Nichola - under "my jobs", you can always access the link to "view all contracts".


@Virginia F wrote:

Nichola - under "my jobs", you can always access the link to "view all contracts".


Sorry, I wasn't clear. I meant that once the job has been paid (or contract closed) that the milestone disappears. Once you have been paid, "My jobs" just shows the amount and "no milestones" under it.

Thank you for the tip about the photo. I just joined a couple of days ago and I don't have a photo of myself. I guess it's alright if I use an old photo then? (Most recent photo of myself  pictured alone is probably 7 years old)

kochubei_valeria
Community Manager
Community Manager

Hi Millie,

 

Yes, milestones are set by the client when they make you an offer. Later they can add milestones as well.

 

I checked the contract I believe you are referring to and it looks like two milestones were funded and released to you while the third one was never set. It's not going to hurt your profile that the paid amount is smaller than the amount you initially agreed upon. Just make sure you and the client are on the same page and agreed upon new terms.

 

Also, if a milestone is funded, you'll see it on the contract page:

 

Screenshot_9.png

 

 

~ Valeria
Upwork

re: "But who chooses the milestones? Is it the customer/client?"

 

As the contractor, I always choose the milestones, or phases, of a project.

 

A client posts a job.

I apply to the job.

The client contacts me and we discuss project.

I explain to the client how the project will be accomplished, what he individual milestones, or phases, are. I send the milestone text to the client.

The cilent copies what I send and uses it to establish individual contracts or milestones.

 

Less experienced contractors will leave this up to the client.


But you're much better off if you (the contractor) remain in charge of the process. With more technical projects, most clients don't have the expertise to plan out the milestones, and they usually know this.

 

Most clients will be happy to have the contractor plan the milestones, as long as the contractor is helping move the project along and helping the client achieve their goals.

Thank you. That is what I was concerned about. I wasn't sure if it would work against me that the 3rd milestone wasn't completed - although the project was completed.

re: "I wasn't sure if it would work against me that the 3rd milestone wasn't completed - although the project was completed."

 

When a client closes a job, she can identify a project as "completed successfully" or use other options, including saying that the work was not complete.

 

The client's feedback rating and the options that a client chooses to identify why the project is being closed are NOT tied to the number of milestones in the project or the number of milestones that were completed. These are compeltely indepenent factors.

 

If a project was really completed, then a decent, honest client will identify a project as "completed successfully" and will give you good feecback, regardless of the number of milestones.

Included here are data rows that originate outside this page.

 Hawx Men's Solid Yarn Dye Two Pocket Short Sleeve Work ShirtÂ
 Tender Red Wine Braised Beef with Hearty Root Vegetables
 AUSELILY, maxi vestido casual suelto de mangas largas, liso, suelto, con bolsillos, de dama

But Valeria, can you explain that further?

 

There are many times I finish deadline-driven projects ahead of time - I just did one as a matter of fact  but I'm still being paid the full agreed-upon amount. My client funded 2 milestones, 2/3rds up front and 1/3rd to finish and send the file.

 

Shouldn't the OP receive her entire bid, even though she finished early?

 

ETA: Well, I guess that depends on how much of the fixed rate they funded - had it been less than the bid, I would have questioned it.

Virginia,

 

If the freelancer completed all three parts of the project as was agreed initially, of course they should be paid the full amount. However, from her post it sounded like the scope changed so she completed and was paid for 2/3 of the project. Please, correct me if I am wrong.

~ Valeria
Upwork

I didn't get the impression that the scope changed, but the OP would have to clarify that. She did state that the job was completed. So ...

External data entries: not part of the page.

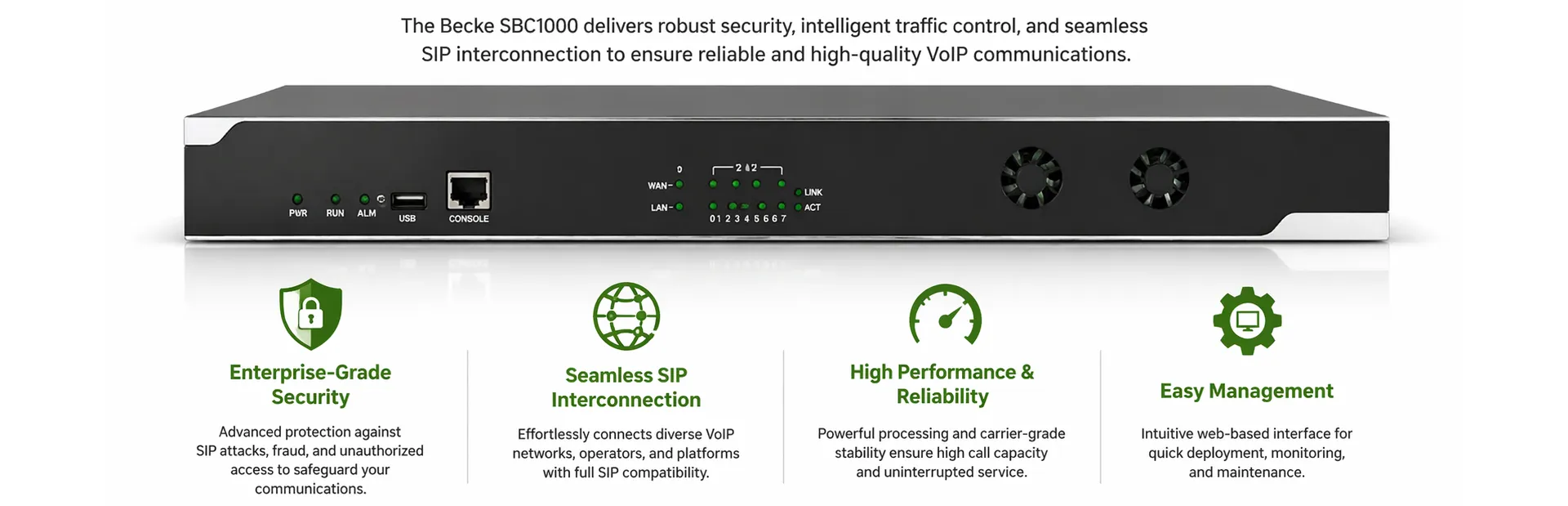 Becke SBC1000 Session Border Controller für Unternehmens-VoIP-Sicherheit und SIP-Interkonnektion
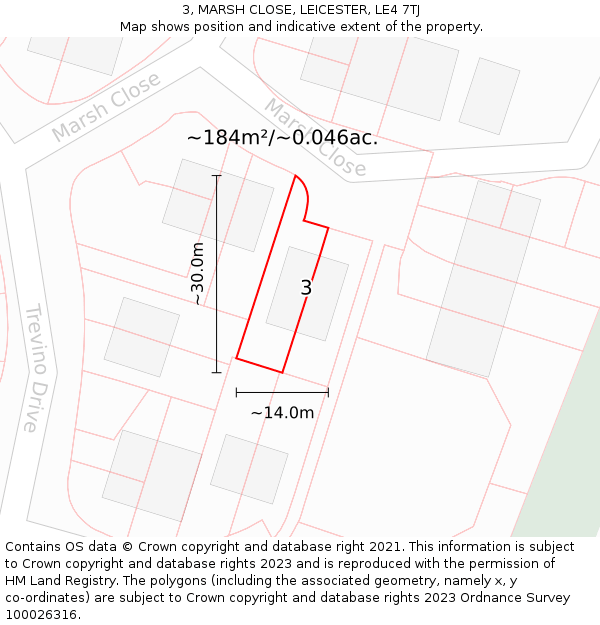 3, MARSH CLOSE, LEICESTER, LE4 7TJ: Plot and title map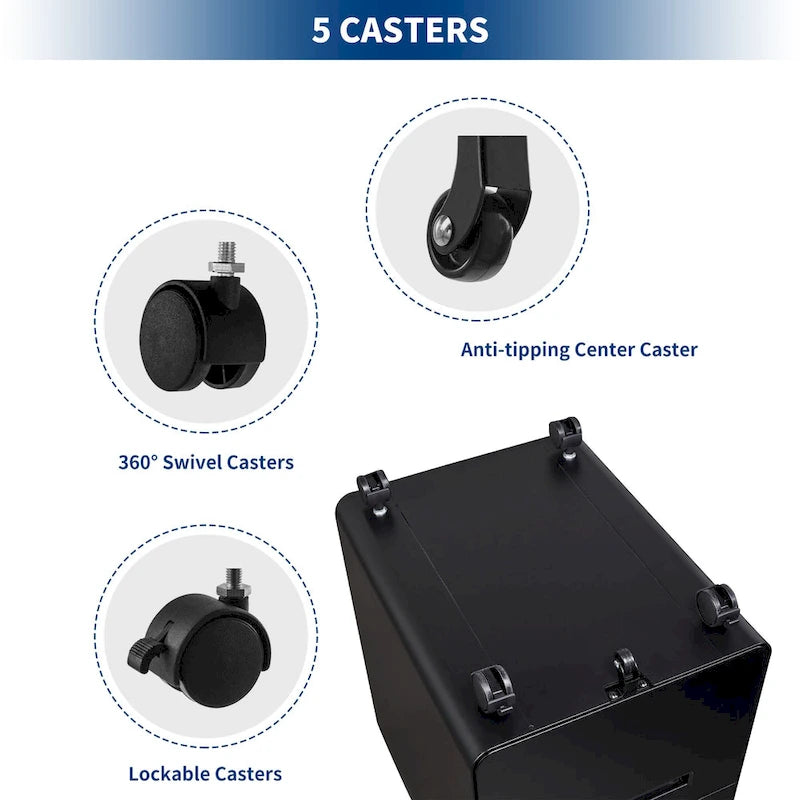 Classeurs en acier à 3 tiroirs avec serrure, mobile sous le bureau, armoire entièrement assemblée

And while we are on the subject of milestones, I have a question, that I ought to know the answer to. If I send work via the message room, rather than from the "My jobs" page, will the client definitely see it?

Nichola,

 

The client will receive your message with attachments. However, if you don't click the "Submit Work/Request Payment" button, the 14-day review period will not start. So it's recommended to submit work using that form.

~ Valeria
Upwork

Thanks, Valeria.

 

 

Virginia, you are correct.

 

There were not 3 distinct parts of the project since there is no way to split up into 3 pieces the information that she wanted. It was basically information that was needed and I provided that.  I probably should have asked my question when I saw that the job had been divided into 3!

Valeria,

 

No, the scope did not change. The client simply wanted information on whether the law supported her filing a lawsuit and I corresponded with her, did the research, and gave her my findings.  I simply did not understand what the milestones were or what they stood for. I went through my messages and there was nothing explaining how or why 3 milestones were chosen.

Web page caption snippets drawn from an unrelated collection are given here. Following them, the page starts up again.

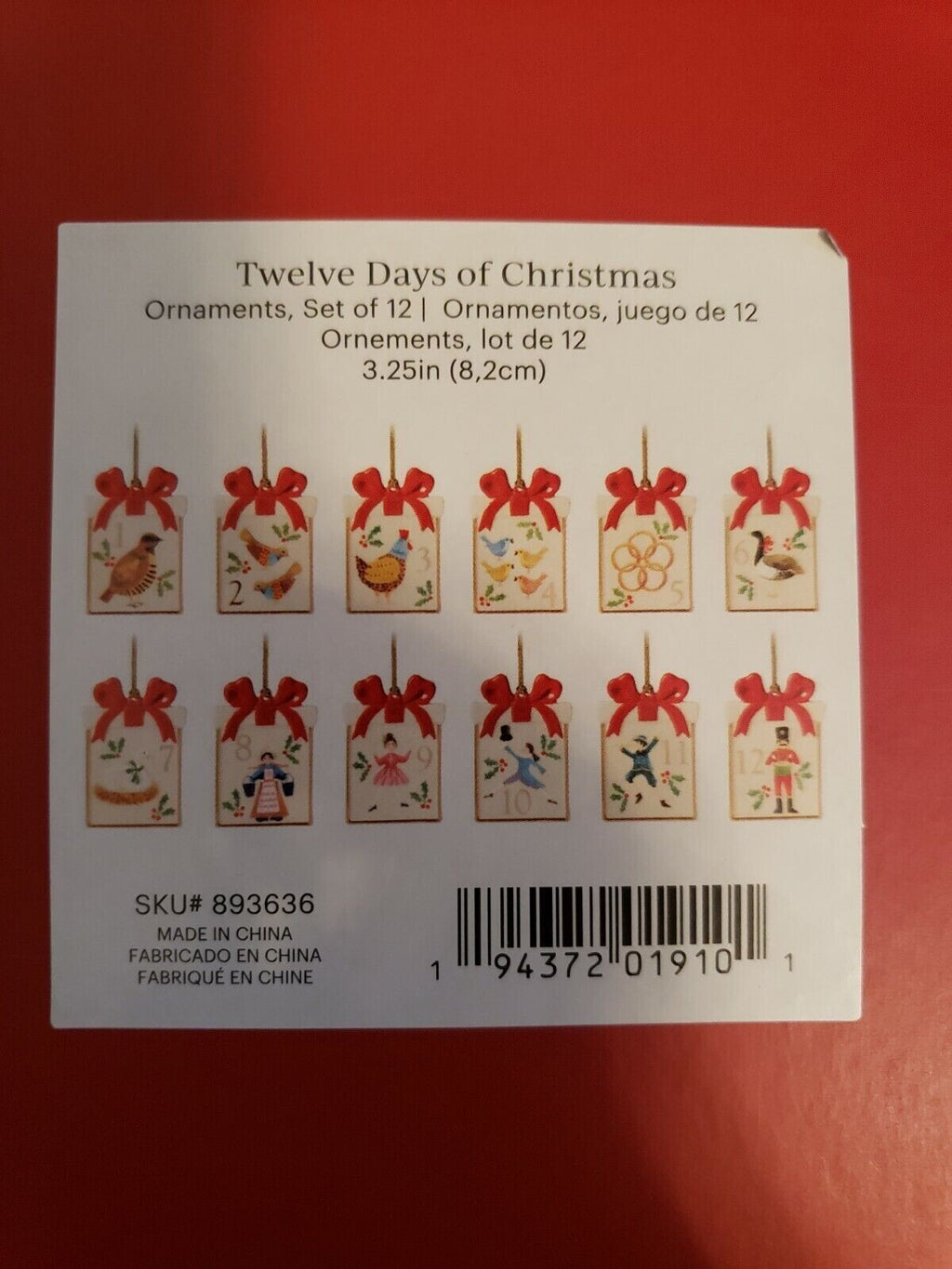 Lenox Twelve Days Of Christmas 12-Piece Ornament Set Hand Painted Bows Gift NEW5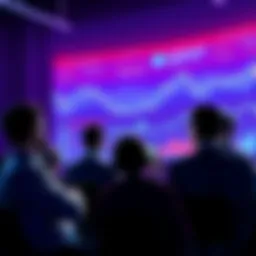 A group of people discussing the decentralization of Solana and Ethereum with charts and graphs on a screen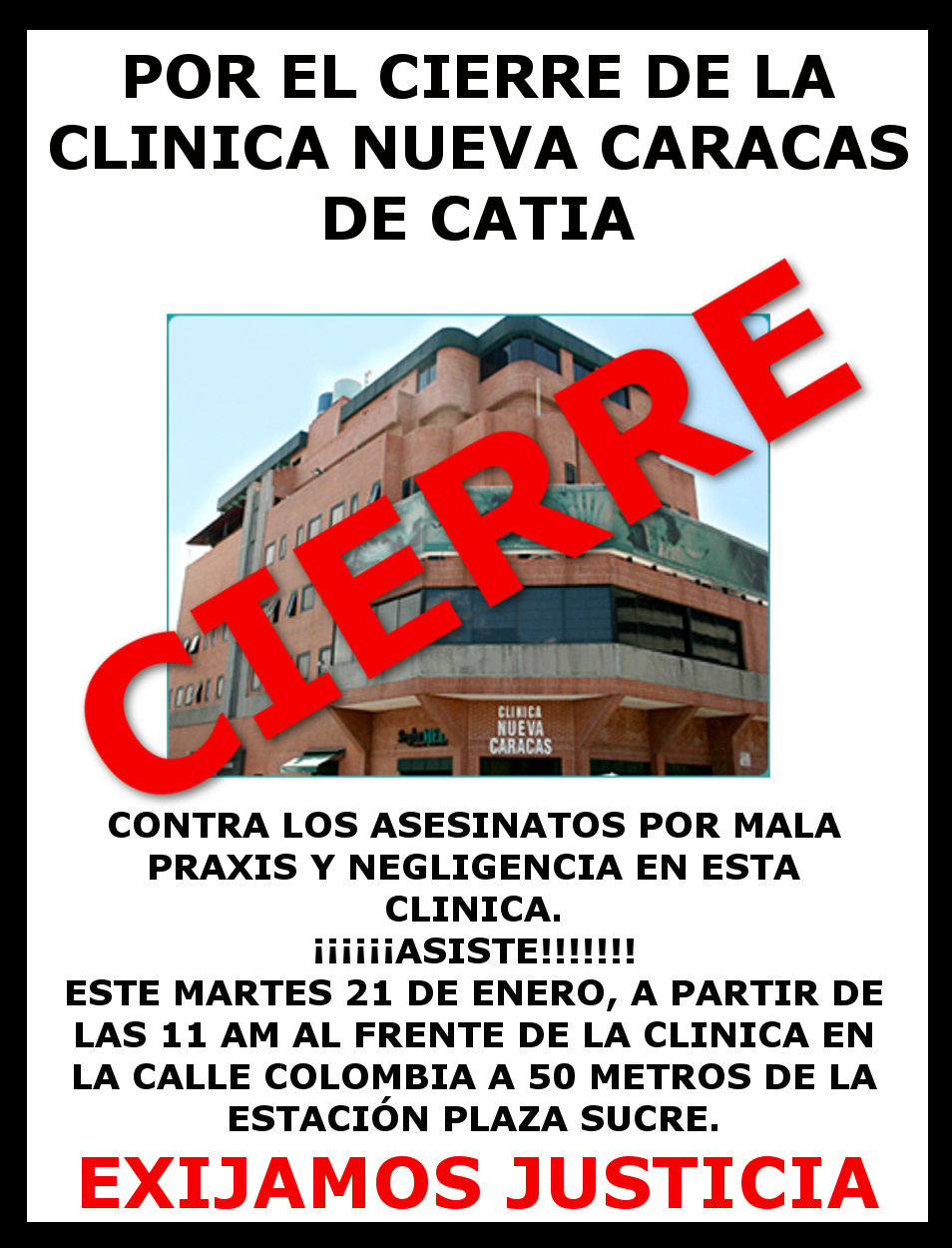 Exigen cierre de la Clínica Nueva Caracas en Catia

If you met the full requirements of the contract without any change in the scope ... and the client is happy, you should be receiving the full amount agreed upon.

 

Valeria ... correct me if I'm wrong.

Millie - it may be that the client worked with other freelancers using milestones and just assumed - a milestone is just what it states ... a meeting of a specific deadline with whatever parameters were put in place and agreed upon.

 

Some jobs are done with one milestone, some that stretch over a period of months can involve multiple milestones.

 

There is lots of information under the help menu that you may want to acquaint yourself with before your next job.

Yes, I have read most of what is in the Help section and that seems applicable. Had I not read those sections, I may have not even known to submit a request for payment for the first milestone!  I was going on the idea that I simply had to request payment when we were done and then I read the Help section. What confused me was that I had asked her if she needed anything else and before I got a response, she had closed the contract and the option to request payment for the 3rd milestone disappeared after that.

So ... the question is - did the client fund the full amount in the two milestones?

 

Edited to add: If the client funded the third milestone, then that payment will be automatically released to you after 14 days (if the client doesn't do it sooner).

 

Hopefully Valeria will step back in and help you out.

Millie, when setting up a fixed price job the client can set as many or as few milestones as they wish. Each milestone *should* represent a specific deliverable - an article, a file, etc. What the milestone represents should be explained in the milestone information. The client can split the budget between as many milestones as they need, add extra funds with an extra milestone, or cancel a milestone.

 

Let's say you agreed to do Task X for $300. If the client split Task X in to three milestones of $100, and you completed the task after 2 milestones and didn't get paid for the third milestone (so you only got paid $200), then the client owes you another $100. If the client set up three milestones, but the first two were funded for $150 each, so you got paid $300 total with one remaining milestone that's not funded, then you don't really need to worry, because you got paid the total that was agreed to.

 

In future, you should make sure you understand what the deliverable is for each milestone in a fixed price project. If you don't understand, you should discuss it with your client to make sure the expectations on both sides are the same.

Well the specific scenario was 3 milestones at 50$ each. I couldn't find anything at the time that explained what she put down as each milestone since this was not something with a  tangible deliverable of any kind. When I look at my reports, it shows she paid 100 and not 150. Since feedback has been left on both sides, are you saying that there is something I should be doing to get paid the additional $50 of the $150 agreed upon fixed price?

Millie,

 

If your delivered work that you agreed to deliver for $150 than you should be paid $150. In order to be paid for the work delivered, the freelancer needs to make sure that the amount they want to be paid is funded in Escrow before they deliver work. If the third milestone wasn't funded, then unfortunately the client can simply close the contract. If it was funded, you would have received a request to approve or dispute the request to refund the money from Escrow to the client.

 

In any case, I'd suggest communicating with the client to clarify what was expected and what was paid. The client can still pay you $50 via bonus.